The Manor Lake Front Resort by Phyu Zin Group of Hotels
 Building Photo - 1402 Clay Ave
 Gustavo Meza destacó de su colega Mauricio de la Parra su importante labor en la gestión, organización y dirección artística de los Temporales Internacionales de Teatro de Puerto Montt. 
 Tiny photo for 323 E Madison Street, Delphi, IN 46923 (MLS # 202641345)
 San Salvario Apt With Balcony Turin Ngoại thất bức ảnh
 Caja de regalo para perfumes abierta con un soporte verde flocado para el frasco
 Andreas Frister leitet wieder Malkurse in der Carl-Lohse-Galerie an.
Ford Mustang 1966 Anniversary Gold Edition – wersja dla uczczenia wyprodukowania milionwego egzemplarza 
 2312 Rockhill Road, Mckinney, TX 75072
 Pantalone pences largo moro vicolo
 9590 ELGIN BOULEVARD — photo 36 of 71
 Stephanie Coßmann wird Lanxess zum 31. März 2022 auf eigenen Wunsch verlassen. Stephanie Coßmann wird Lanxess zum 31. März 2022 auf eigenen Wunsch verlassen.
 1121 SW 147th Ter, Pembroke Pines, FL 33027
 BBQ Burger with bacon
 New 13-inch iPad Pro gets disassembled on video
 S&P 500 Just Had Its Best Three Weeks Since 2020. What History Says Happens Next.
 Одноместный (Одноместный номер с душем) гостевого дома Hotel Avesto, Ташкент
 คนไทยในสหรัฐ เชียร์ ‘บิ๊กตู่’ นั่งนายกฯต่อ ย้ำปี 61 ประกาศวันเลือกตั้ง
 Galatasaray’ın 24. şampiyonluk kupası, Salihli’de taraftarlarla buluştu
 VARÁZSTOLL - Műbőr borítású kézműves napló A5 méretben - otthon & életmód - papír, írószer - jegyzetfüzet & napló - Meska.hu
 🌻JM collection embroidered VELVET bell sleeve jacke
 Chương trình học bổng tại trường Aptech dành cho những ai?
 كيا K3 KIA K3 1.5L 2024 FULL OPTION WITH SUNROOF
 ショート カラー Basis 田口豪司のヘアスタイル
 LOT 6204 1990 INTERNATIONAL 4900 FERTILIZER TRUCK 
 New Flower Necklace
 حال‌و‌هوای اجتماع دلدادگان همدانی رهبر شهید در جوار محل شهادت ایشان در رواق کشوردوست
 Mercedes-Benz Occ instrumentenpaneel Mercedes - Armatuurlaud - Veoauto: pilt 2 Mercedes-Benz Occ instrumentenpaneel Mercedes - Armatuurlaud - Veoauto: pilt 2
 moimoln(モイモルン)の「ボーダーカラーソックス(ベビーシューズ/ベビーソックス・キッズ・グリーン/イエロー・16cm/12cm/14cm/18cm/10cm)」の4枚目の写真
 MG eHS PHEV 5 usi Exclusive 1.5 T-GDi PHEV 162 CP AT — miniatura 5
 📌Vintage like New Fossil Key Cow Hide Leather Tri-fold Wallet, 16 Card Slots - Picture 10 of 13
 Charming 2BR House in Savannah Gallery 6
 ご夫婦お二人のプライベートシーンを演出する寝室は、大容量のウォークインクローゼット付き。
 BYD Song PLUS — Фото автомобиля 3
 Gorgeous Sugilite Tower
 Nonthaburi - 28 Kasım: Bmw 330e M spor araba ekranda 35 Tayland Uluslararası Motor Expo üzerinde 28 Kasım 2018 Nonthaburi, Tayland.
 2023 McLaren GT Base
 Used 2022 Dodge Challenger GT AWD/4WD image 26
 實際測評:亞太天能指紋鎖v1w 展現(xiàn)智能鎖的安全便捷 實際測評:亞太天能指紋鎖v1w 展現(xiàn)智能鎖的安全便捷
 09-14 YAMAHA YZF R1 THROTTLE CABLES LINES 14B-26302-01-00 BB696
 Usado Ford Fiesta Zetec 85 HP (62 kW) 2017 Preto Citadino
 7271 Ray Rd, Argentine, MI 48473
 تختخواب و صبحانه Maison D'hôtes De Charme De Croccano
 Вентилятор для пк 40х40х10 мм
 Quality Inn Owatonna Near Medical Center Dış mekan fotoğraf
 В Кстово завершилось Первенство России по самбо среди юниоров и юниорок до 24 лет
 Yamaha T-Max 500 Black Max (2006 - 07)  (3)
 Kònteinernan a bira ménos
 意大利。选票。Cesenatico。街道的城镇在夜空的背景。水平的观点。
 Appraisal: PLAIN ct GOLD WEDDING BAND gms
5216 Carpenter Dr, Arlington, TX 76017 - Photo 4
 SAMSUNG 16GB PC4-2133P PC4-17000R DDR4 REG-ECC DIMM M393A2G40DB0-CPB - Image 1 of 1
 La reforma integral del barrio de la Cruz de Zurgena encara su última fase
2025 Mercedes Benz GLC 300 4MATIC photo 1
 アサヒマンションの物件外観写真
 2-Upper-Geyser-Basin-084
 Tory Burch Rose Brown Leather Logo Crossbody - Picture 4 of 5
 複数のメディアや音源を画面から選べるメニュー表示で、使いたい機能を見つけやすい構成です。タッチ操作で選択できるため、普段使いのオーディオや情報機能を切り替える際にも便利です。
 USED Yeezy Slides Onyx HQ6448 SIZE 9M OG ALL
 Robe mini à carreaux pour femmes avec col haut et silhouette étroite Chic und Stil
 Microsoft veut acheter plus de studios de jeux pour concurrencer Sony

## Work instructions
From the records above, transcribe exactly the run of lines that opens with the line holding "Tory Burch Rose" and closes with the line holding "USED Yeezy Slides Onyx HQ6448 SIZE 9M OG ALL", both included.

## Exercise solution
 Tory Burch Rose Brown Leather Logo Crossbody - Picture 4 of 5
 複数のメディアや音源を画面から選べるメニュー表示で、使いたい機能を見つけやすい構成です。タッチ操作で選択できるため、普段使いのオーディオや情報機能を切り替える際にも便利です。
 USED Yeezy Slides Onyx HQ6448 SIZE 9M OG ALL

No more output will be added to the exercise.